Cluster Health — Architecture & Status Review

What the project is

Continuous monitoring + auto-remediation for the hermes K8s namespace. Detect and remediate:

Area	Status	Notes
Scope defined	✅ Done	index.md created Jun 18
First scan run	✅ Done	Session 2026-06-09 — clean: 0 problem pods, 2/2 nodes Ready
Automated checks	❌ Not started	t-002 “Decide which checks to automate” still todo
Remediation logic	❌ None	No auto-remediation exists yet; manual scan only
Alerting / escalation	❌ None	No Slack/Mercury integration for findings
Resource pressure trends	❌ Not tracked	Suggested in last session but not implemented

No automation — health scans are one-off manual runs (via autopilot session). A pod could CrashLoopBackOff for hours without detection.
Overlap with ops-janitor — ops-janitor handles stale-job cleanup and queue hygiene. Boundary between “health check” and “janitorial task” is fuzzy. Risk of duplicate effort or conflicting remediation actions.
No remediation logic — even if a problem is detected, there’s nothing that does the actual fix (restart pod, scale down, delete stale job, etc). This makes it a monitoring-only project.
No alerting — findings stay in session logs. No way to escalate to pvs or trigger Slack notifications when critical issues surface.
Limited scope — only checks hermes namespace. Doesn’t cover gitlab, monitoring, or other namespaces where problems also matter.

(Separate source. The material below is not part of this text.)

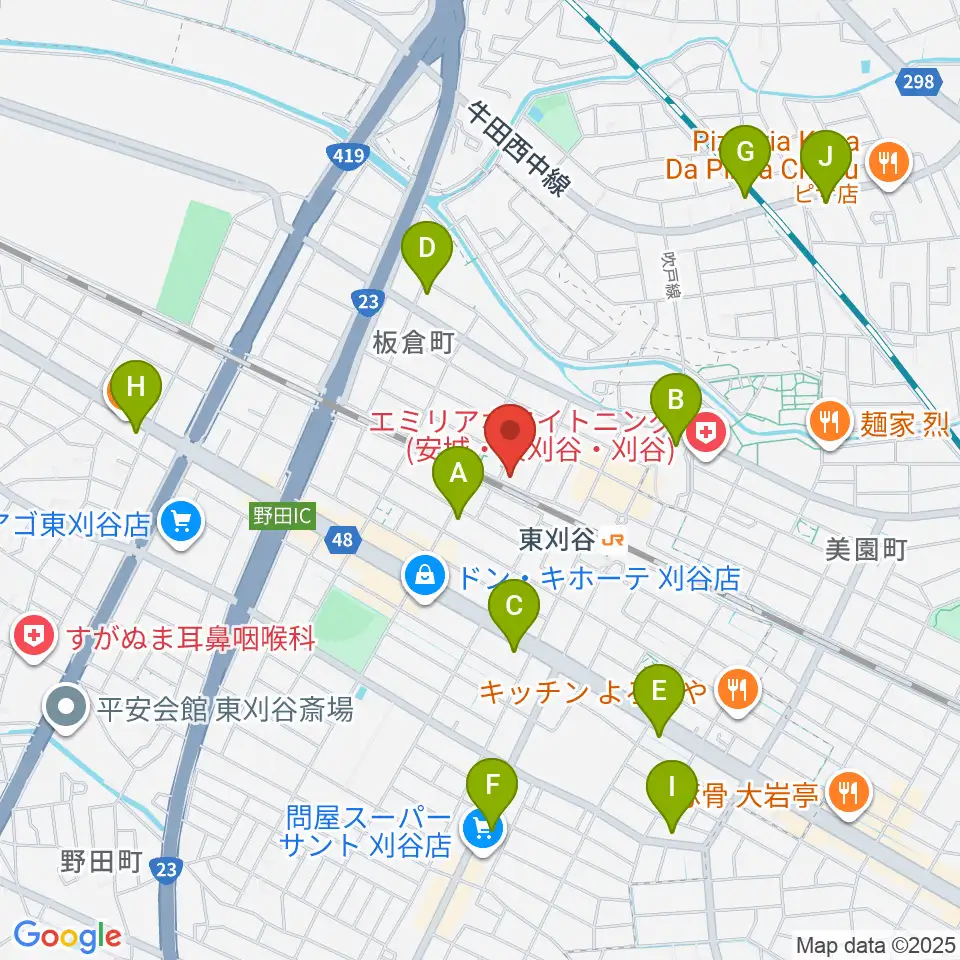 スタジオエチュード刈谷店周辺のコンビニエンスストア一覧地図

Define clear separation from ops-janitor: cluster-health = detection + alerting; ops-janitor = janitorial cleanup actions.
Decide on check intervals: crash-loop/OOMKilled every 5 min, disk/Longhorn every 30 min, stale jobs every hour.
Draft remediation playbook: what action to take for each condition type (e.g., CrashLoopBackOff → restart pod + alert; OOMKilled → alert only; disk fault → alert).